[cpp-threads] Asynchronous Function Proposal

Sat Jun 20 00:51:53 BST 2009

Yes, let's first converge on the programming model.

Lawrence wrote:
> async is not a replacement for OpenMP.
[...]
> Be wary of trying to use this facility for massive parallelism,
> it is a stop-gap mechanism for few-core systems until TR2 becomes
> available.

Agreed! More next:

> The programming model is:
>    At the highest levels of the program, add async where appropriate.
>    If enough concurrency has not been achieved, move down a layer.
>    Repeat until you achieve the desired core utilization.

Not agreed -- the above seems to be talking about 'using more cores to get the answer faster,' aka "parallelism" or Pillar 2 in < http://www.ddj.com/cpp/200001985 >. That's the space targeted by tools like OpenMP and work stealing and (common uses of) thread pools etc., and patterns like fork-join.

The programming model for async is different:

   Instead of a synchronous function call that returns a synchronous value,
   make an asynchronous function call that returns an asynchronous value.

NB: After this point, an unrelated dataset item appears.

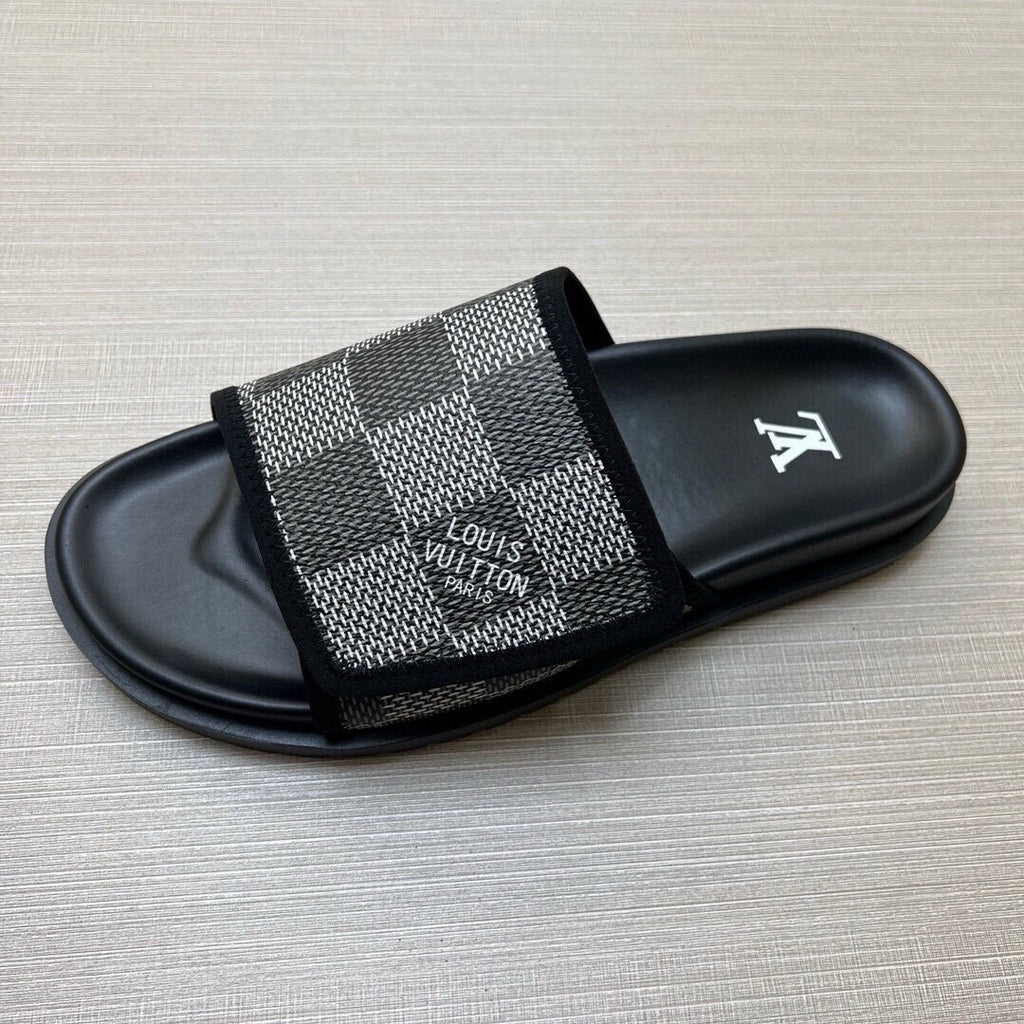 Z5LE208 Popular Slippers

This is talking about 'I want to do work (potentially) asynchronously, decoupled from this thread,' aka "concurrency" or Pillar 1 in < http://www.ddj.com/cpp/200001985 >. That's the space targeted by tools like OpenMPI and threads and (some uses of) thread pools etc., and patterns like pipelining. It's mostly not about using more cores at all, although it just so happens that when you express asynchronous work you may also be expressing asynchronous compute-bound work that can keep more cores busy at once, as with pipelining again as a specific example; but this is not about scaling work to saturate a manycore machine.

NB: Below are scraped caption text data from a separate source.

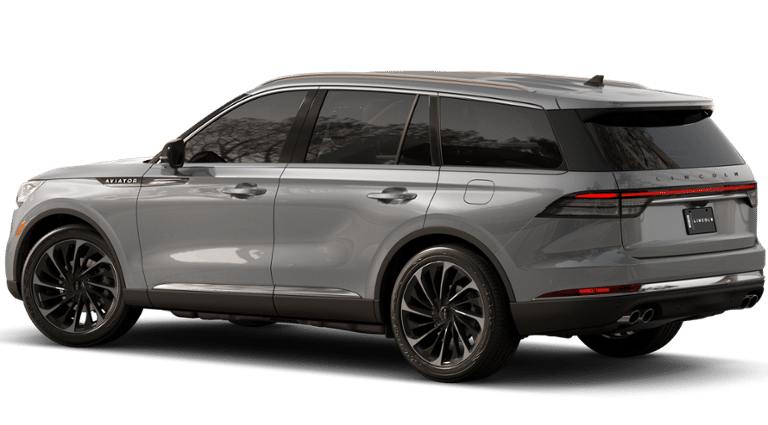 2023 Lincoln Aviator Reserve 50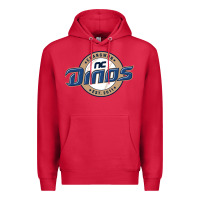 Cardinal nc Premium Hoodie - linhVisuals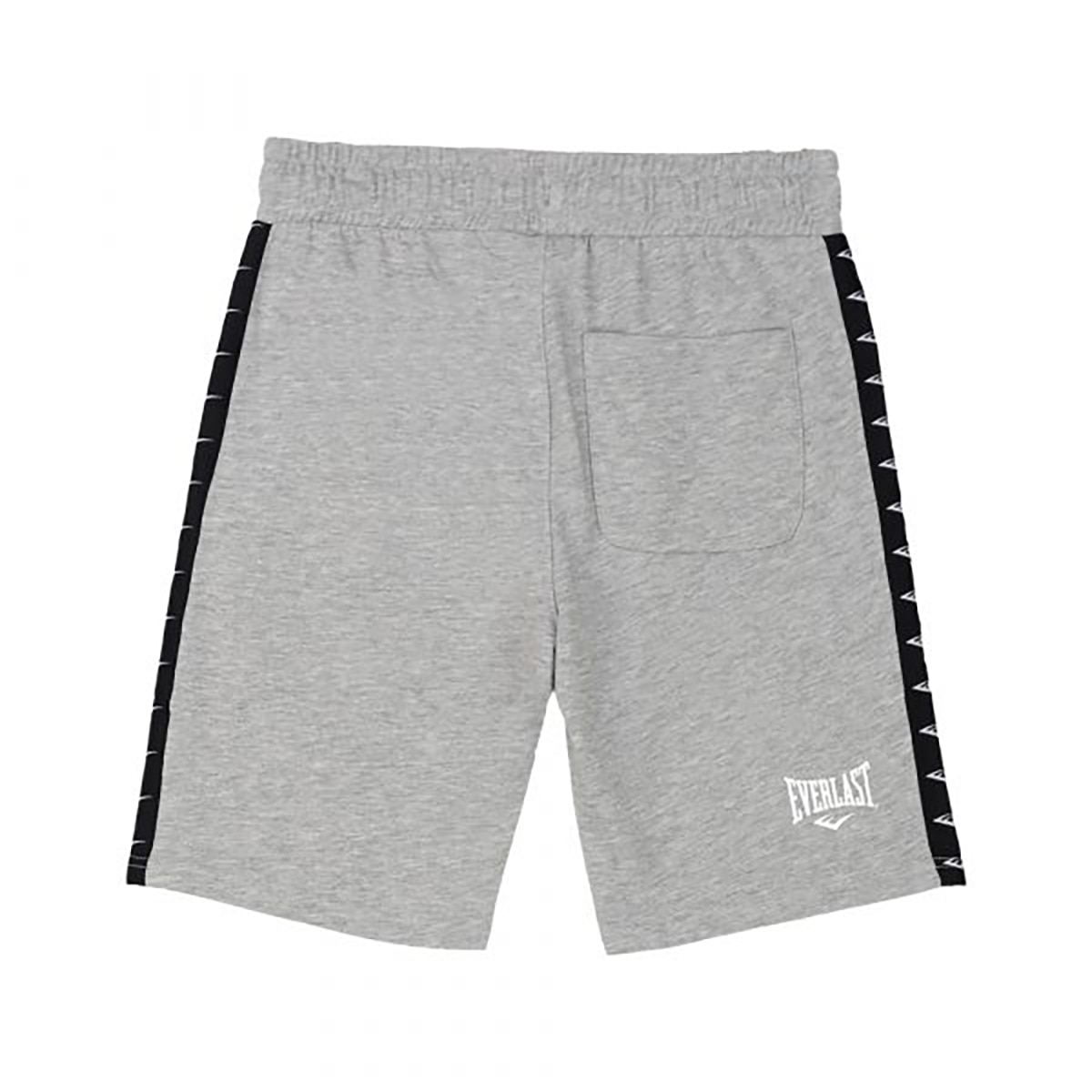 Imagen 2 de Pantalón corto de hombre Tape Jog Everlast - Gris Gris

> A difference in the anticpated programming model may be at the root
> of the lack of consensus.

As I put it in my draft paper:

  - That is, just as we can make a synchronous function call that returns a
  - synchronous result:
  - 
  -     T t  =  f();
  -
  -   we want to be able to make an asynchronous function call that returns
  -   an asynchronous result [...] :
  -
  -     future<T> t  =  async([]{  f();  });

That really is all. Do we agree on that motivation?

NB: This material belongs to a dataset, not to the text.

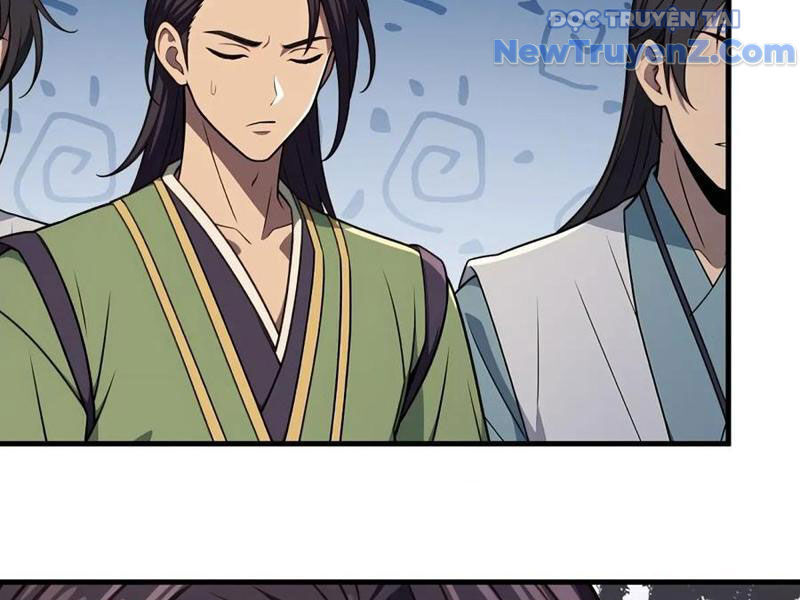 Phản Phái Muốn Sống Lâu Thêm Một Ngày Chapter 30 - Trang 2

Finally, without violating the motivation above, it's consistent to want the option of running the async() task on a pool, or on a work stealing implementation if the user opts in via "either"/"may-be-called," because of:

  a) efficiency

  b) not interfering with load balancing done by thread pools et al.

Which brings us to:

> > There's another key problem that I don't think I mentioned
> > explicitly before, which is oversubscription: A big reason
> > to be able to run the async task on a thread pool is that
> > the pool is already in the business of staying "rightsized"
> > for the machine. In an application that uses today's thread
> > pools, having compute-intensive work apart from the thread pool
> > penalizes performance because it makes it harder for the pool to
> > accurately match ready work to available cores and oversubscribes
> > the machine. So that's another key reason that an efficient
> > implementation needs to be able to run the work on a pool
> > especially when the application is using that pool anyway.
> 
> I agree that async must avoid the over-subscription problem.
> However, thread pools are not necessary to avoid the problem.
> In particular, a count of active threads, compared against
> std::thread::hardware_concurrency() can provide all the information
> necessary to determine if new thread should be created.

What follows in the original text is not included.